How to Safely Serve Production Data to Preview Environments
Neon Masking Branches vs Custom Anonymization Scripts: A Two-Month Side-by-Side Practical Comparison
"It worked fine in staging but broke in production." Most developers have heard this at least once, and a significant portion of the causes come from test data failing to reflect reality. With just 10 rows of seed data, it's hard to catch N+1 query problems or bugs where usernames with special characters break. But copying production data as-is runs into the massive wall of privacy protection.
Honestly, when I was working at an early-stage startup, I once loaded a production dump directly into staging thinking "it's only used internally anyway." Looking back, it was terrifying, and now that GDPR and SOC 2 audits are routine, it's unimaginable.
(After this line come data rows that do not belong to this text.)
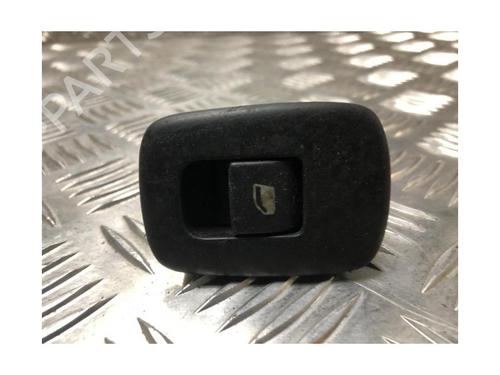 Right rear window switch PEUGEOT 207 (WA_, WC_) 1.6 HDi | BP23091282I28 
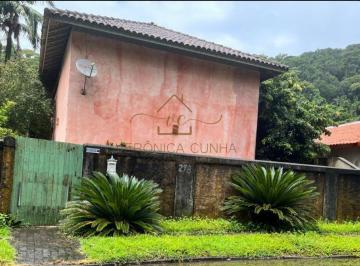 Casa · 157m² · 1 Quarto · Imoveis - no Balneario Praia do Perequê
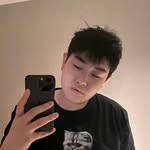 Chris Jammer - @pokslsidj - Instagram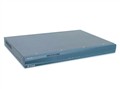 D-Link DI-1750
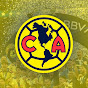 LA PASIÓN AZULCREMA Avatar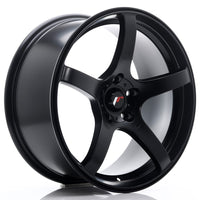 Japan Racing JR-32 18x8.5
So I tried two approaches and compared them directly. A pipeline that preserves the shape and relationships of production data while safely replacing only sensitive information for Preview environments — Neon masking branches and custom anonymization scripts. After reading this article, you should be able to build a prototype pipeline that automatically generates a masked DB per PR within 30 minutes.
Core Concepts
To summarize the key difference between the two approaches in one line: Neon masking branches are an "infrastructure handles the masking" approach, while custom scripts are an "I handle the masking" approach. This difference impacts operational burden, flexibility, and the overall cost structure.
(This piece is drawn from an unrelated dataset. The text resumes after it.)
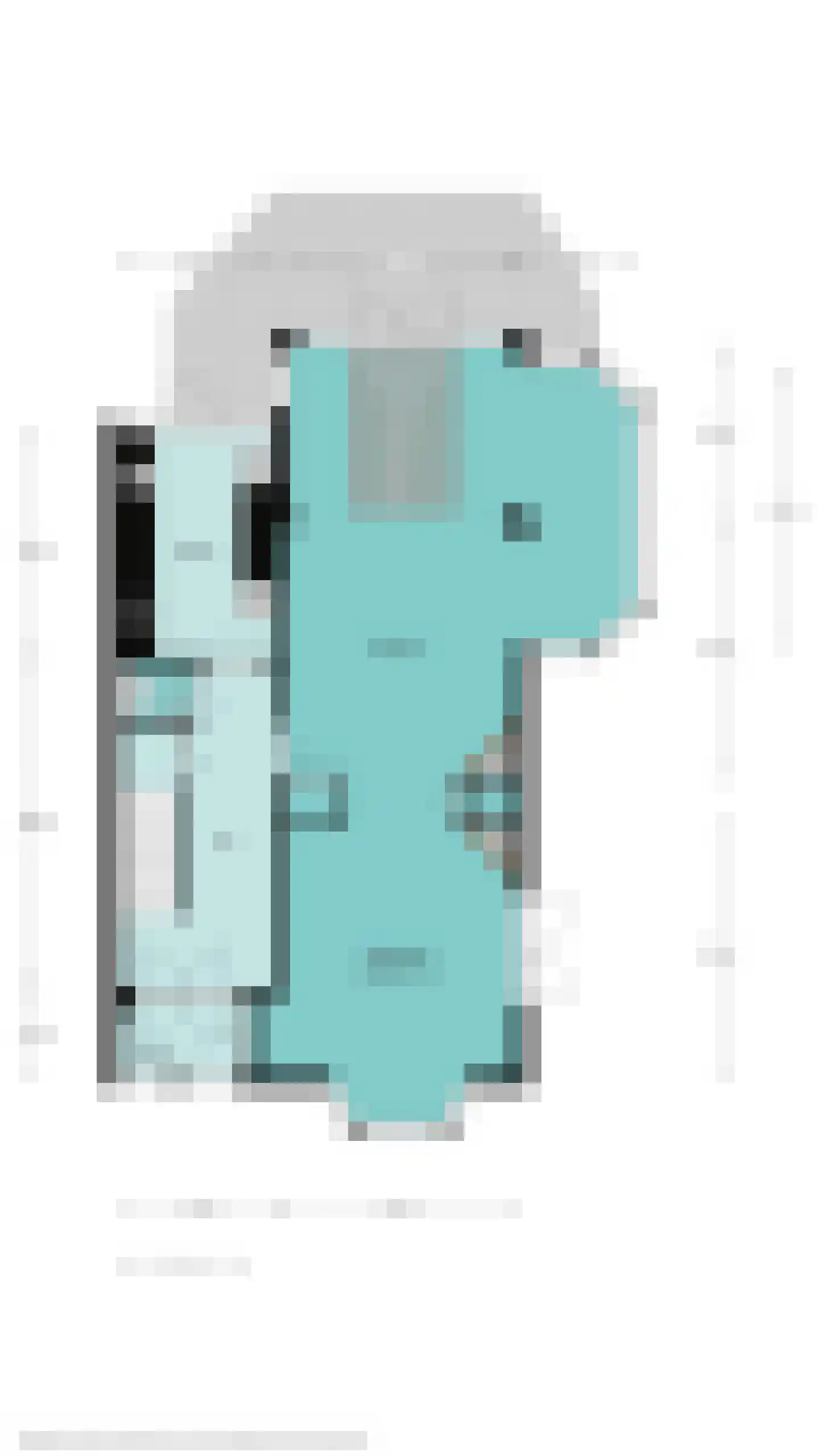 Curaçaolaan 3 Hilversum thumbnail 43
Why Data Masking Is Necessary
Data masking for Preview environments refers to a pipeline that replicates the production DB's schema and data to development/staging environments while safely transforming PII (Personally Identifiable Information). The reason you need to understand this is that it's an entirely different problem from simply deleting data. If you bulk-replace an email column with test@test.com, unique constraints break, and joins between user IDs and order histories produce nonsensical results. The key is replacing only sensitive information while preserving foreign key relationships and data types intact.
For reference, the cost of compliance violations is never light. In 2023, Meta was fined 1.2 billion euros (~$1.3 billion) for GDPR violations, and smaller companies are no exception. Whether data masking is applied in non-production environments is also an audit item in SOC 2 reviews.
Key Masking Techniques at a Glance
| Technique | Description | Best Suited For |
|---|---|---|
| Substitution | Replace actual values with fake values generated by Faker, etc. | Text fields like names, emails |
| Pseudonymization | Hash-based mapping ensuring same input → same output | Maintaining join relationships across multiple tables |
| Partial Scrambling | Mask only portions (user@email.com → u***@email.com) |
Debugging where format verification is needed |
| Noise Addition | Add random deviation to numbers/dates | Statistical data like revenue, age |
| Generalization | Reduce precision (date of birth → birth year) | Analytical datasets |
Pseudonymization vs Anonymization: Pseudonymization allows the original to be restored if the mapping key is available, while anonymization is irreversible. Under GDPR, only truly anonymized data is excluded from regulation, so using irreversible methods in non-production environments is the safer approach.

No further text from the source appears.